Currently the design allows you to use compressed coordinates as input. This gives developers some advantages, but requires us to compute modular square roots. Modular square root has similar issues as inversion. Simple deterministic procedures involving only Ring operations exist when p = 3 mod 4 or p = 5 mod 8 . Most field moduli used in practice satisfy this by design. My current thinking is to simply reject compressed coordinates when the field modulus does not satisfy and make compressed points optional.

Lastly, there’s a feature request to do a form of hash-to-curve point. I think this can be incorporated elegantly and safely as well. I’ll update the EIP soon to incorporate these ideas.

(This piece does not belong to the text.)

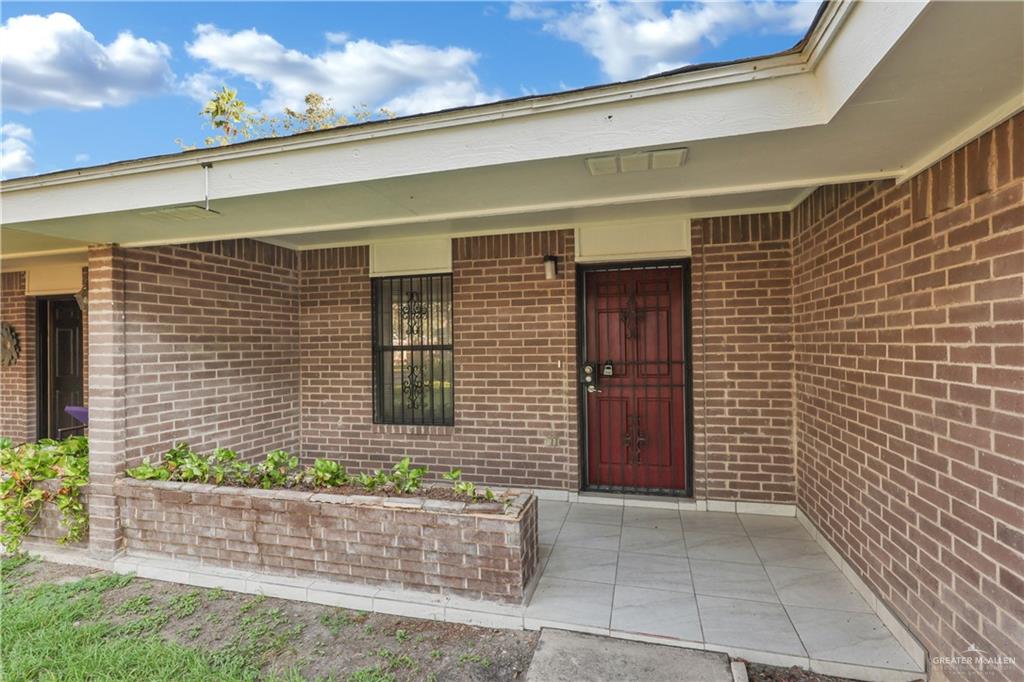 2401 South Jackson Road, Unit 9 Pharr, TX 78577 - Photo 3 of 17 a front view of a house with a yard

The EVMC Rust bindings are here:

The evmc-vm crate will provide an API for “VMs” to implement. @chfast and I are considering to provide precompiles as EVMC modules to be used with aleth. If this works out, it would be possible to also provide EIP1829 as an EVMC module.

Some of that is available in, but @cdetrio will need to publish the framework he has been using.

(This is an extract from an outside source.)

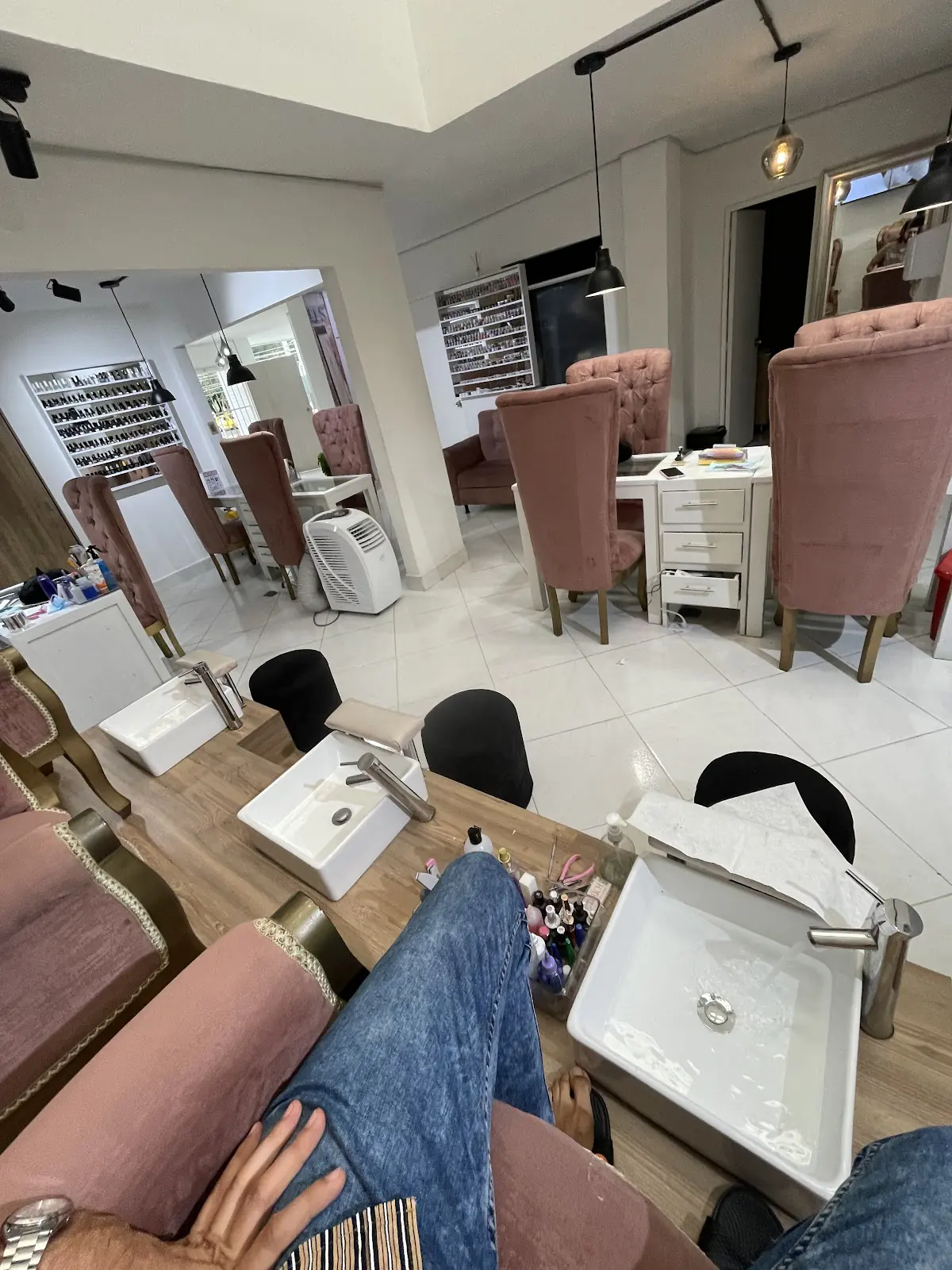 Salón de Fraga Spa con sillas de terciopelo rosa y estaciones de manicura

For creating ewasm contracts, please have a look at


Ah, I see. If the edge cases are that manageable, then I suppose it could work.

I think py_ecc might actually be generic enough to implement this fairly easily, or at least with a few tweaks. So there’s at least one other thing that the rust library could be checked against.


@Recmo Montgomery form (and implementations are likely to use it) is not defined in case of GCD != 1. But garbage in - garbage out should work.


In addition to the separate Telegram chat I also post a link here, cause now this implementation is at the point where more help is needed with test vectors and pricing, then in actual implementation.

For the code here the following works:

  • runtime curve creation
  • check on curve
  • add two points
  • multiply single point by a scalar (double-and-add or wnaf)
  • multiexponentiation (trivial and peppinger)
  • extension towers
  • pairings for BLS12 family

There is a set of benchmarks, but only for quite limited set of curves. Can support fields of arbitrary size in principle.


  • have to specify scalar field size for a curve (needed to try Ben-Coster algorithm, didn’t work out)
  • field elements larger than a field are errors
  • scalars larger than an order are errors
  • only fields up to 319 bits are supported, but this only requires to extend a “switch” statement further


  • pairings for BN, MNT4 and MNT6. May be KSS too
  • cleanup by removing a scalar fields
  • check if pairings for Cocks-Pinch method generated curves can be easily implemented
  • chose multiexp and multiplication methods based on benchmarks
  • implement Twisted Edwards arithmetics (this one is trivial, but low priority)


Was just looking through the EIP. I couldn’t quite figure out what the gas cost calculation/specification is? Could you clarify that in the EIP – the eip should be a full specification, and it’s currently lacking that.